__Activity__
Copy exactly the lines from the beginning of the data down to and including the line holding "500 Pcs/Roll Black", without any pictures.

(Brief descriptive captions)
• • • • •
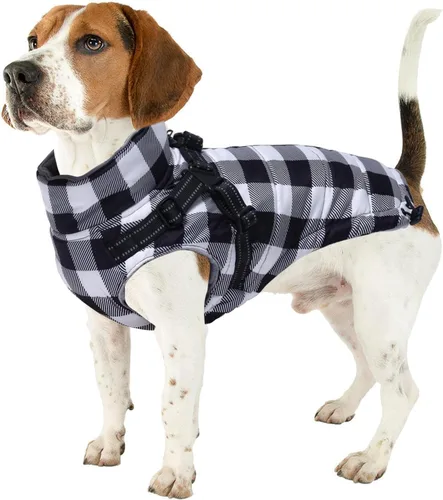 Vista 8 de Chaqueta de invierno para perro, abrigo impermeable para perro con arnés integrado, chaleco para cachorros, ropa para mascotas pequeñas con forro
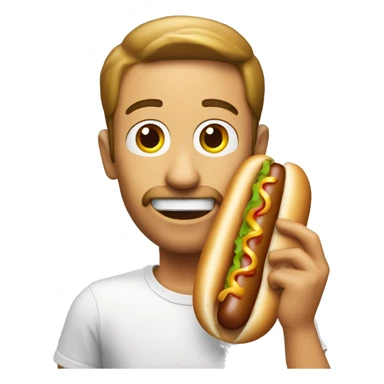 un monsieur qui mange un hot dog sticker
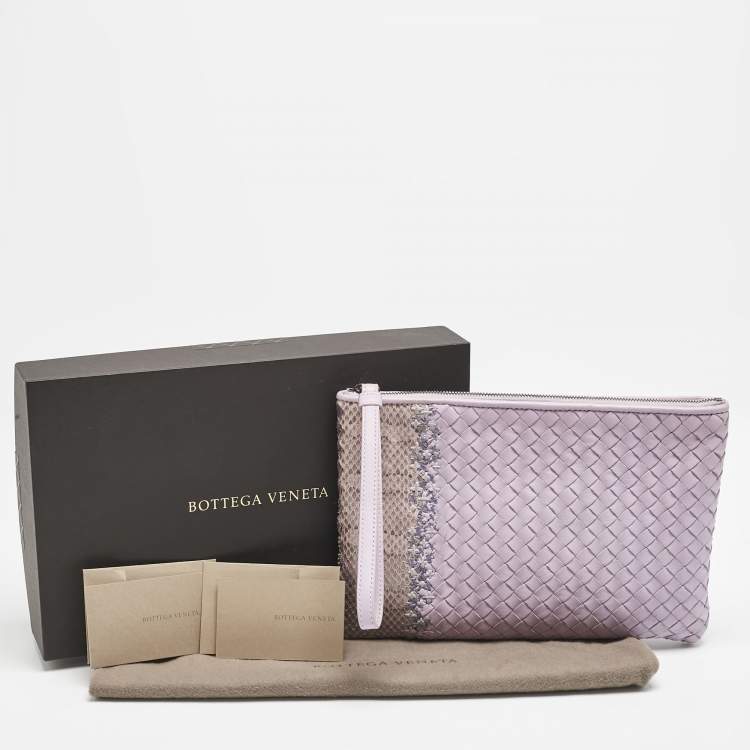 Pre Owned Bottega Veneta Lavender Ayers and Leather Wristlet Clutch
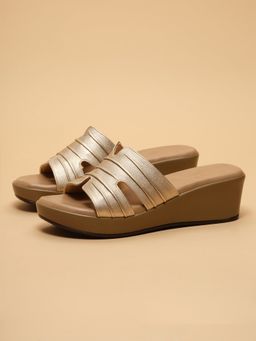 ERIDANI - Women Rosetha Gold Wedge Heels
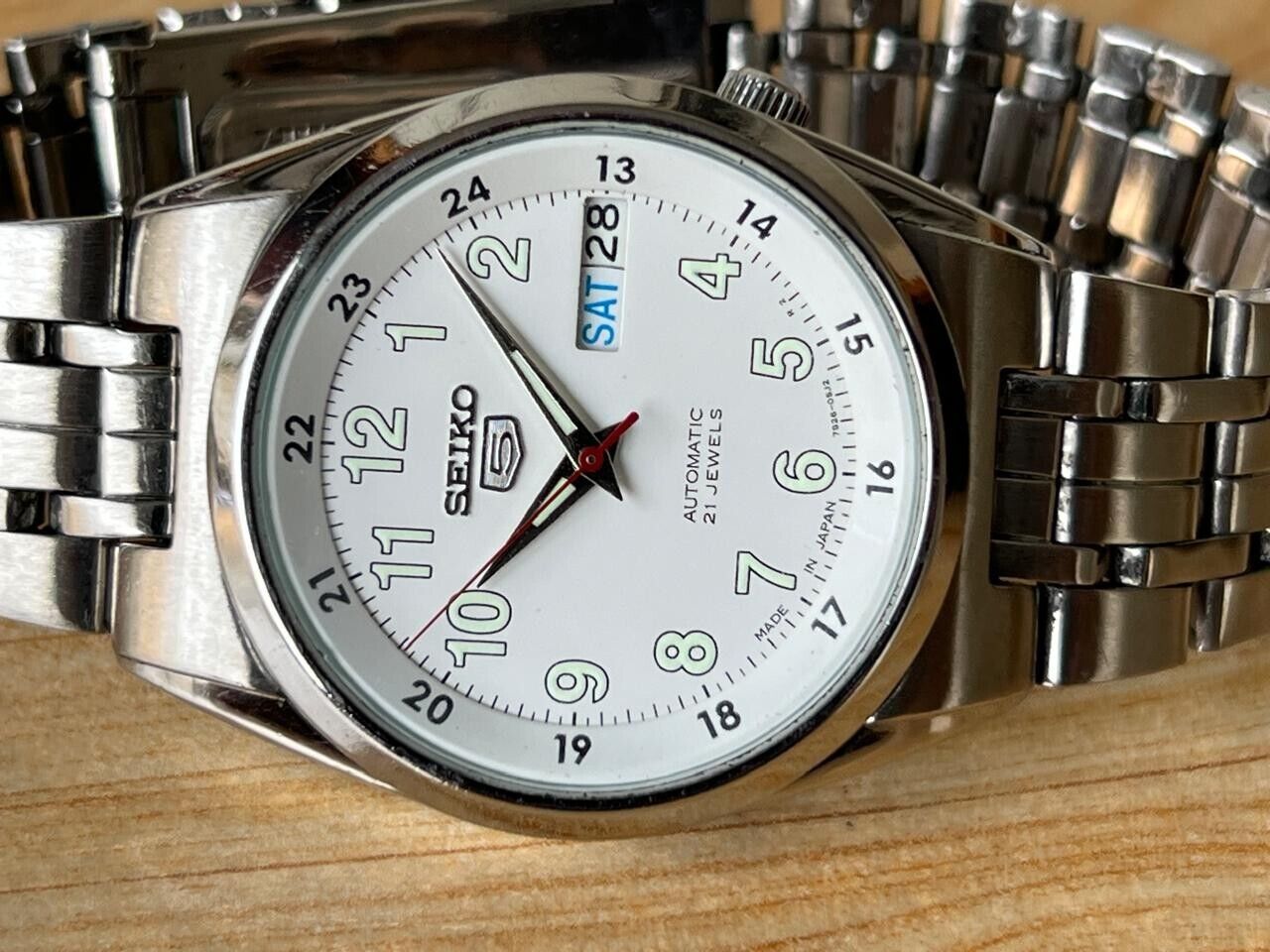 Seiko 5 Railway Dial 7s26-02c0 Automatic 21 Jewels 35mm Men’s Watch, Perfect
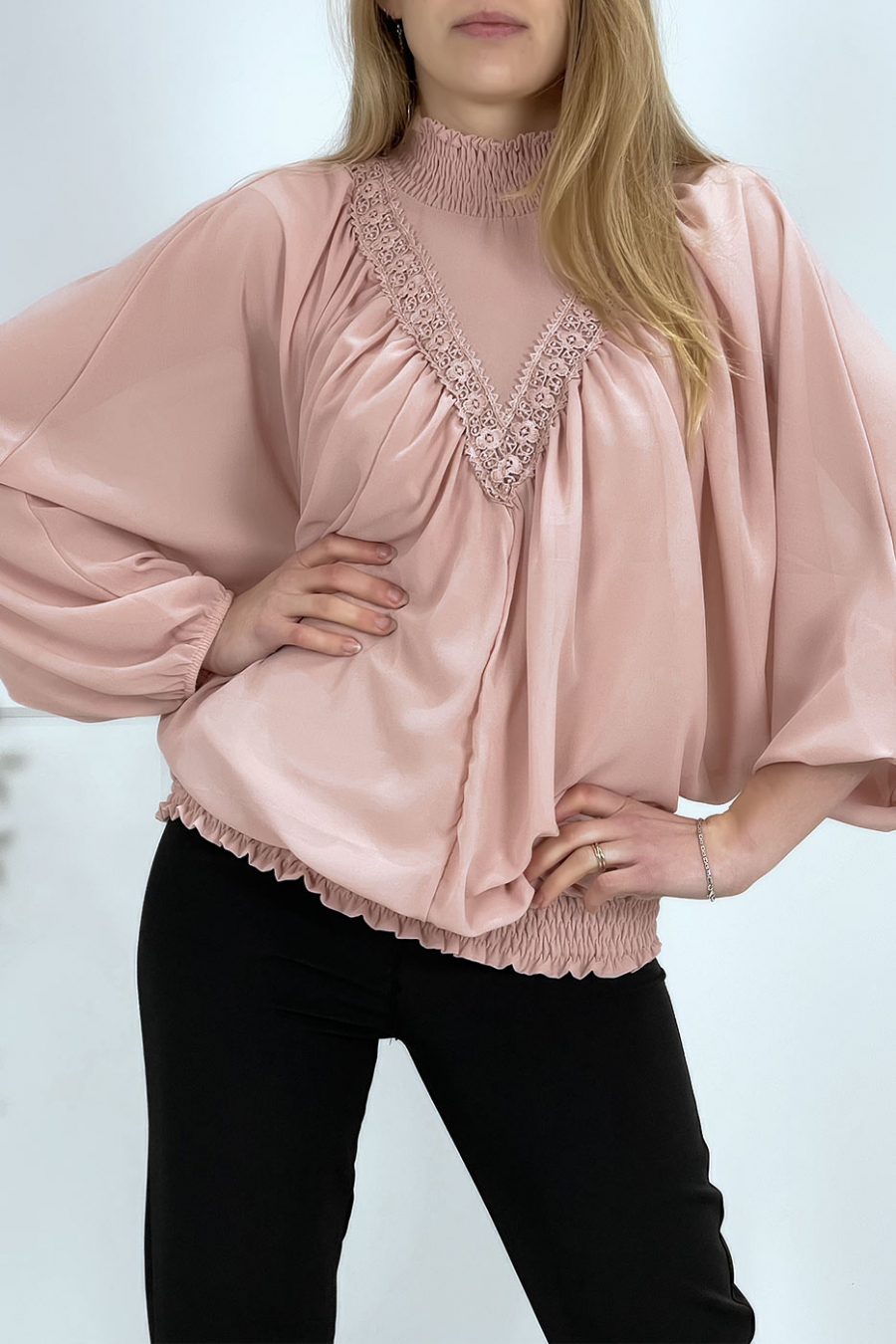 Women's pink blouse with stand-up collar - 6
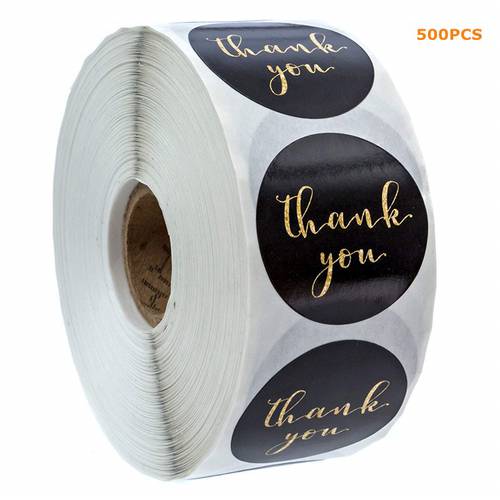 500 Pcs/Roll Black Luxury Hot Stamping Thank You Stickers 1inch Decorative Seal Labels Packaging Sticker for Office Computer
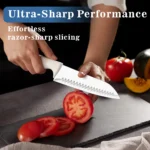 15PCS Kitchen Knife Set with Block & Sharpener, Stainless Steel Knives, Dishwasher Safe, Rust Resistant, Ergonomic Handle - Image 3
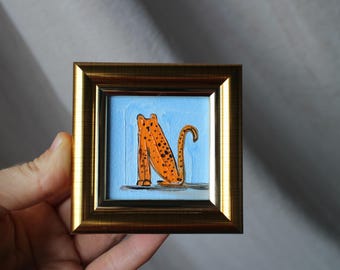 Leopard Oil Painting, Original Framed Illustration (2x2 in)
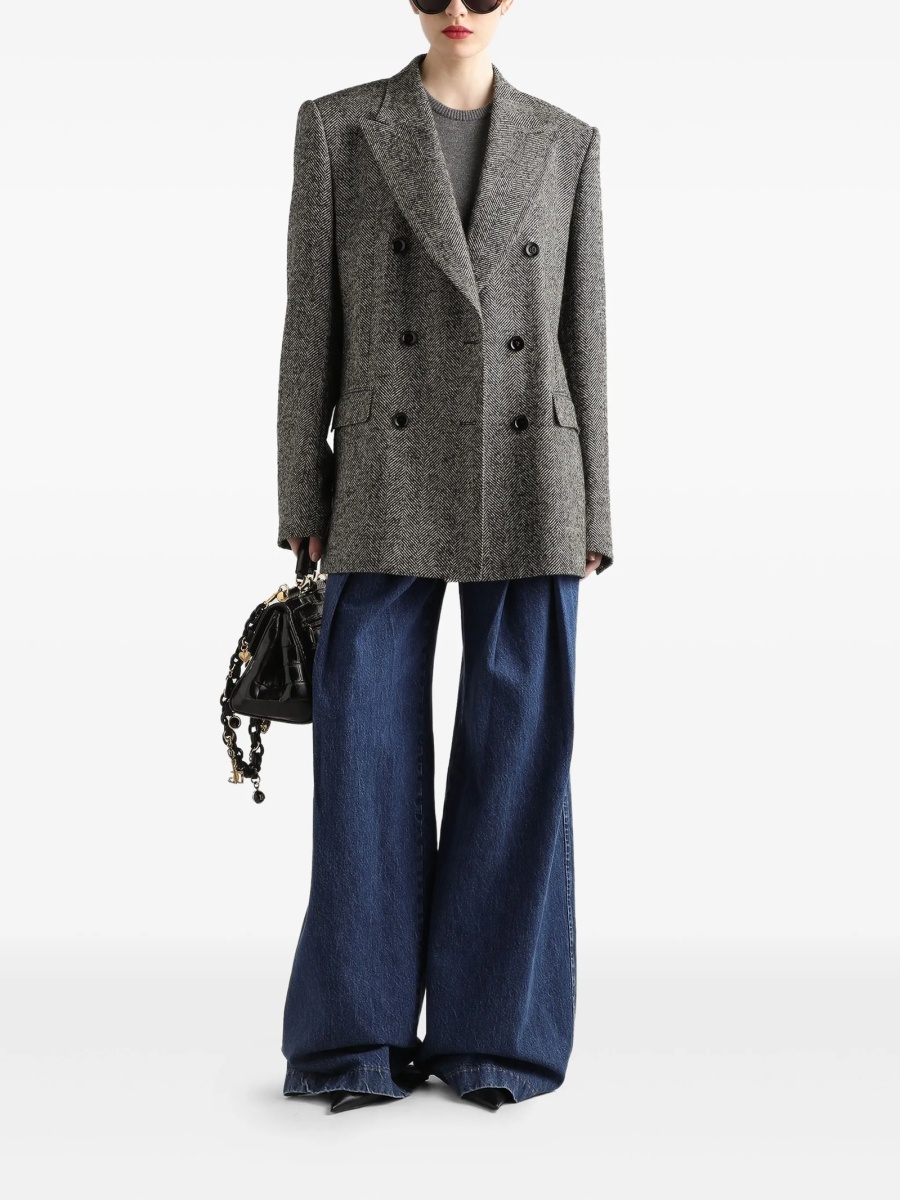 Geaca Oversize Dolce &amp; Gabbana gri din acrilic si polyester - Img 2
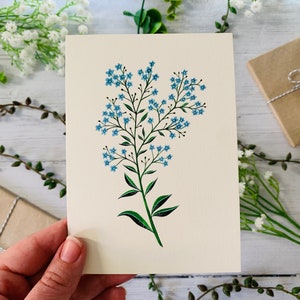 Blue Floral Postcard Set of 6 Wildflowers and Leaves Botanical Notecards Pack Nature Illustrated A6 Flower Art Cards Mini Prints image 4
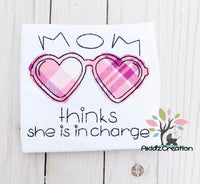 mom thinks she is in charge, sun glasses embroidery design, mom thinks she is in charge embroidery design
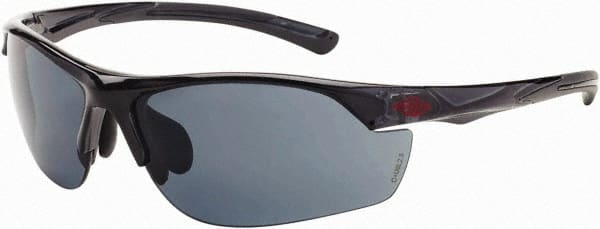 CrossFire - Super Dark Smoke Lenses, Framed Safety Glasses - Scratch Resistant, Crystal Black Frame, Size Universal, Wrap Around - Exact Tooling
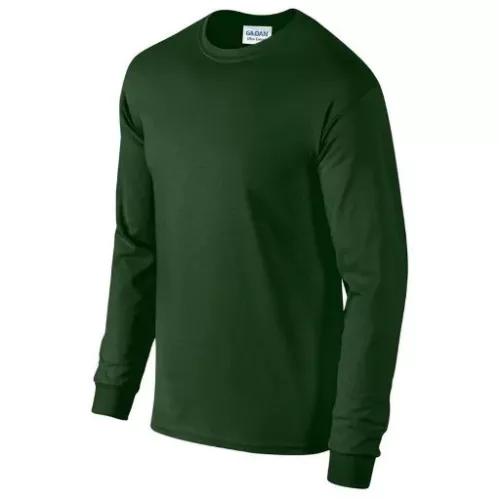 Gildan Ultra Cotton hosszú újjú póló (sötétzöld)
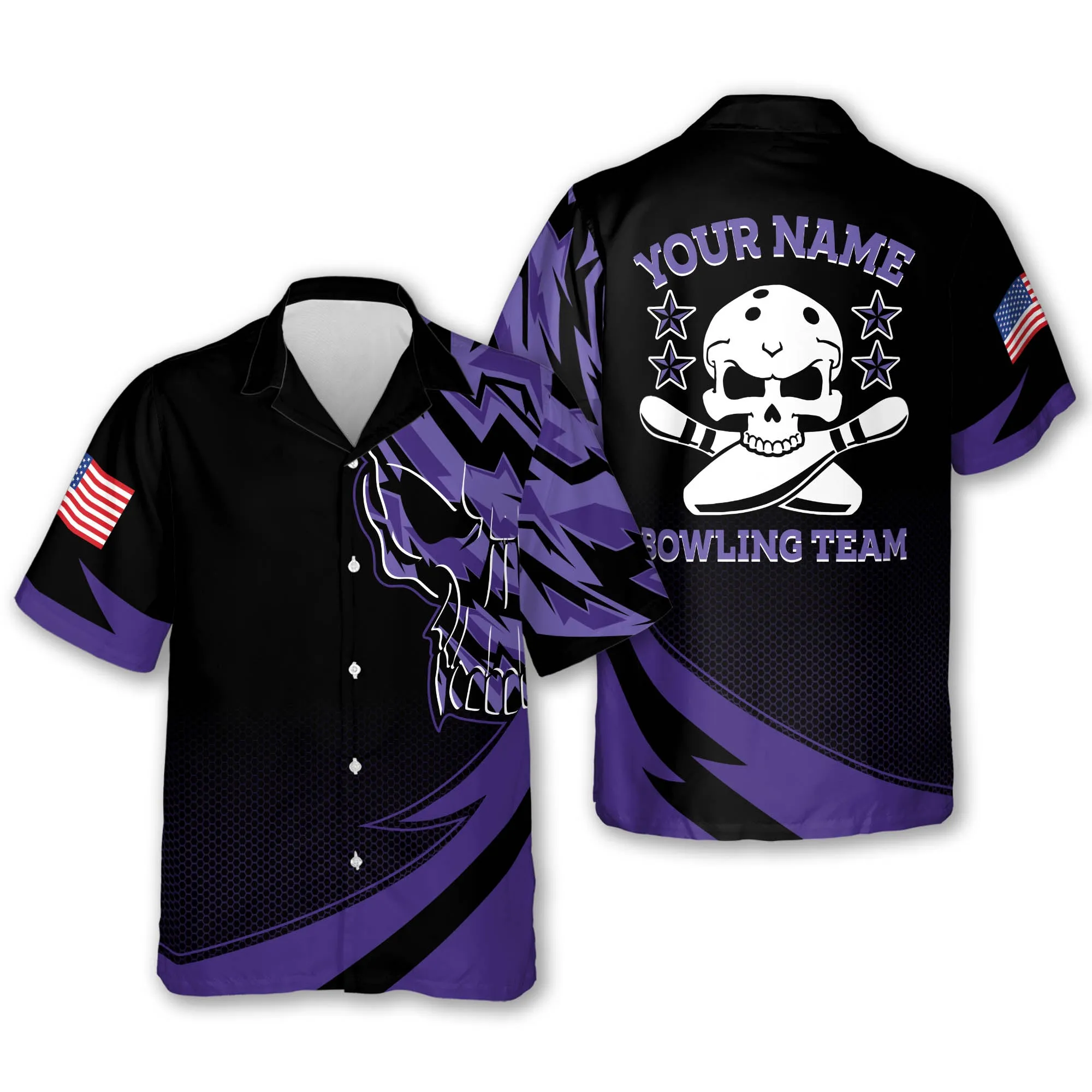 Skull Button-Down Flag bowling Hawaiian Shirt, Bowling Team Shirt, Bowling Gift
• • • • •
__Your solution__
 Vista 8 de Chaqueta de invierno para perro, abrigo impermeable para perro con arnés integrado, chaleco para cachorros, ropa para mascotas pequeñas con forro
 un monsieur qui mange un hot dog sticker
 Pre Owned Bottega Veneta Lavender Ayers and Leather Wristlet Clutch
 ERIDANI - Women Rosetha Gold Wedge Heels
 Seiko 5 Railway Dial 7s26-02c0 Automatic 21 Jewels 35mm Men’s Watch, Perfect
 Women's pink blouse with stand-up collar - 6
 500 Pcs/Roll Black Luxury Hot Stamping Thank You Stickers 1inch Decorative Seal Labels Packaging Sticker for Office Computer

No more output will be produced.